Another member of Thor's clergy.


Thundershield Family and Friends

For Durkon Thundershield, see The Order of the Stick.

    Sigdi Thundershield 

Sigdi Thundershield

https://static.tvtropes.org/pmwiki/pub/images/sigdipresent.PNG

"Let's go back unnergound, aye? Tha sky's pretty, sure, but ain't no place fer us dwarves."

Race: Dwarf
Gender: Female
Class: Unknown (probably Fighter)
Alignment: Lawful Good

Durkon's mother. Briefly mentioned by her son early in the comic, she appears in flashbacks much later. She is widowed, her husband Tenrin having died before Durkon's birth in an accident while fighting a troll.


  • Action Mom: Upon the return of her son, being one-armed doesn't stop her from jumping into the battle against the dwarven vampires.
  • An Arm and a Leg: She lost her right arm in the same accident that cost her husband his life. She refused to let go of Tenrin and had to be forcefully pulled away. Afterward, she couldn't afford to have her arm restored, and feels that she has "enough hands" with her extended family. Eventually, Durkon offers to regenerate her arm for free, but Sigdi refuses anyways.
  • Back in the Saddle: So she says when joining her son's party in battle.
    Sigdi Aye, ha ha! It's good ta swing an axe again!
  • Badass Family: She, her husband, and her son are all very brave and badass dwarves, but she also has an adopted extended family of the dwarves she resurrected, and they are all to a one as equally badass.
  • Berserk Button: Durkon saying they've been living on handouts causes her to furiously snap at him that she earned every cent of her pension.
  • Big Good: Clearly serves as one to her extended family during the assault to stop the Clan of Council Elders.
  • Call-Back: An In-Universe example: when Durkon was very young, she saved a co-worker from falling off a cliff, holding his hand til they're able to be pulled up.
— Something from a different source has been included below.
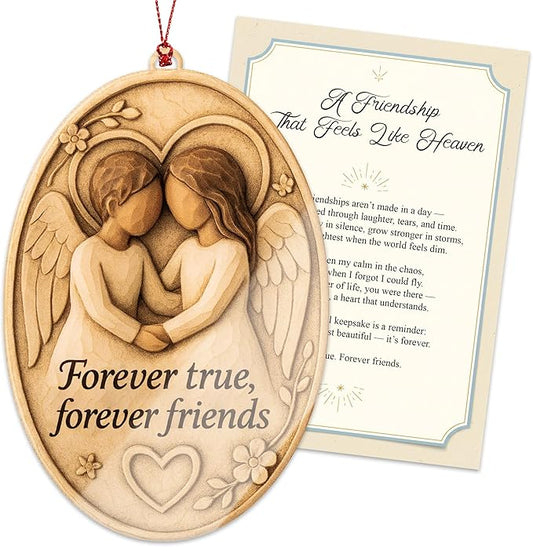Friend Ornament Friendship Ornament + Friend Gifts for Women – Christmas Ornament 2025 – White Elephant Gifts - Xmas Tree Funny Decoration Decoration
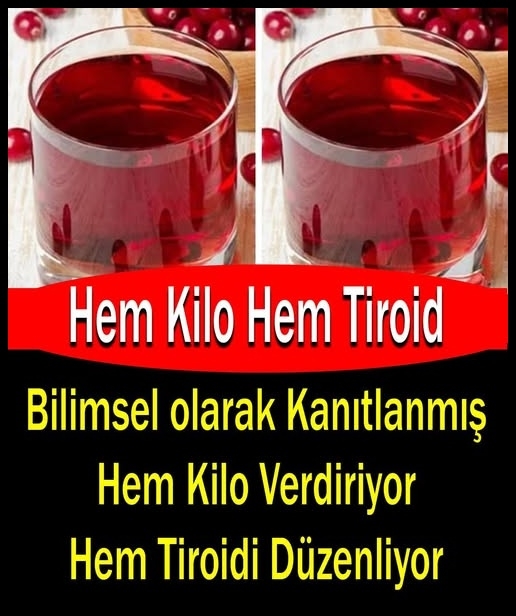 Hem sağlıklı Kilo Verdiren Hem de Tiroidi düzene Sokan Karışım galerisi resim 1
We later learn that it's a repeat of the same situation with her husband before Durkon was born but she wasn't able to pull him up.
  • Chronic Hero Syndrome: Deconstructed. Sigdi has lived her whole life helping others with no expectation of a reward (she even protests when a priest of Thor tells a group of dwarves she just gave up a fortune to have them raised from the dead). The flipside of that is that she has an almost pathological aversion to being helped by anyone and will treat even gifts from friends as debts to be repaid. Several of her friends and family have moments where they express frustration with Sigdi's reluctance to accept a helping hand for no reason.
  • The Clan: The five dwarves she resurrected became her unofficial family, and their extended friends and families became hers too. When she calls for backup, a small army of dwarves, some of them high-leveled and powerful, immediately come to her aid.
  • Doting Grandparent: It doesn't take her long to start cooing over her new grandson Kudzu even though she's only known about his existence for a minute or two.
  • Establishing Character Moment: In her first comic, she saves another dwarf single-handedly, then brushes it off as nothing and makes Durkon his favorite dinner.
  • Full-Name Ultimatum: Administers one to Durkon when she wants his undivided attention. "Durkon Allotrope Thundershield!"
  • Game-Breaking Injury: Was forced to retire from the military after losing an arm. Durkon mentions he pretty much grew up on her veteran pension (and support from his extended family, which was a struggle for Sigdi to accept) because she never got or looked for a job afterward.
  • Gondor Calls for Aid: She calls for her extended family to fight Hel's minions.
  • Good Is Not Soft: When asked what would have happened if the dwarves she raised were evil, she mentioned that she was a warrior before and, as she had told Durkon growing up, she brought them into this world and she could send them right back out. She also nonchalantly threatens to end Hilgya if she harms Durkon again.
  • Good Parents: All of Durkon's memories of her are happy ones. She teaches him how to be a proper adult dwarf, and when he makes mistakes, she treats them as learning experiences instead of failures. As a result, it's easy to see how he grew up to be such a heroic character. However, while she certainly had good intentions, two of those lessons led to disaster on the surface, after Durkon was expelled.
    • First, her lesson on not helping people if they haven't asked for it (in the context of Durkon as a child trying to help her carry plates and knocking them over instead) also made him not help Roy after he'd been eaten by a giant frog, because he couldn't hear him.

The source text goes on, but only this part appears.